スケールの大きな長編ホラーSFの書き手ですが、この短編集もなかなか読ませてくれました。

連作短編となっていて、最初の「冬人夏草」はそこそこのホラー短編なのですが、「人麿異聞」はかなりゾッとする面白さでしたし、「胡蝶乱武」は不気味ななかに美しい要素があって好きな短編です。

しかしこの3編が第4話の「科幻月輪」にリンクしていくあたりからはドキドキするほど面白くなってきます。
梅原作品のなかでは最も評価の低い本書ですが、私は何故かこの作品が好きで読み返したりしています。
文章がどうとか、最後の詰めが甘いとかいろいろ言われているのですが、「月」の魔力をテーマに様々な超常現象を描き、その現象の影響で不思議な能力を身につけた人達のストーリーがたまらなく面白い。

「変身譚」「かぎろい」「魔眼」「瞑眩」各章に与えられたテーマはそれぞれ魅力的で謎に満ちています。所々で科学的な説明も試みているのも梅原らしい強引さもあって楽しめました。

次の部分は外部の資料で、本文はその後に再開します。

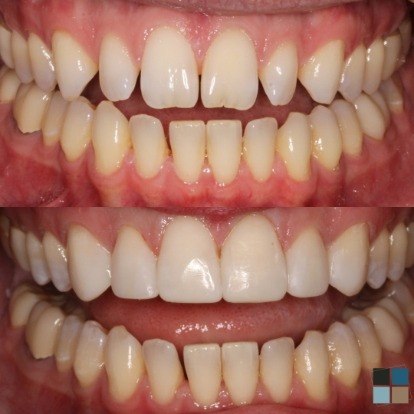 photos of smile before and after dental work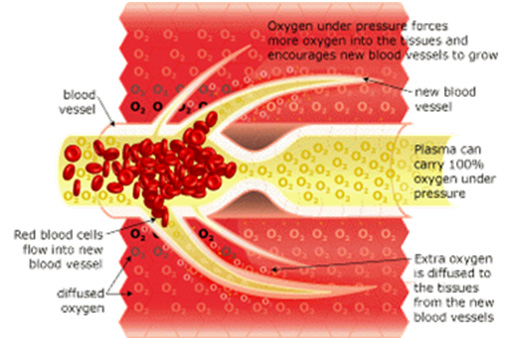 hyperbarics_05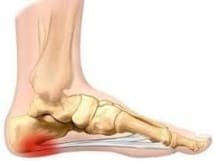 Fasciopathie plantaire : Volet 1 - Etirements ou pas ?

ただし最後の中篇「アルジャーノンに菊の花を」はあまりにも関係ない作品なので、ページ数合わせに収録されたのかと思ってしまいました。
できれば分けて収めてほしかったですね。


おまけ
第3話の「胡蝶乱武」はガンパレードから主人公の名前をとったようです。
こちらも面白そうなゲームですね。

高機動幻想ガンパレード・マーチ
1945年、第二次世界大戦中に突如として黒い月が出現する。それと同時に幻獣と呼ばれる謎の生命体が人類に襲い掛かった。意外な形で大戦が終結し、同時に幻獣に対して人類は共同戦線を張ることを余儀なくされた。

本書と内容が似たところがあります。やってみたいなあ。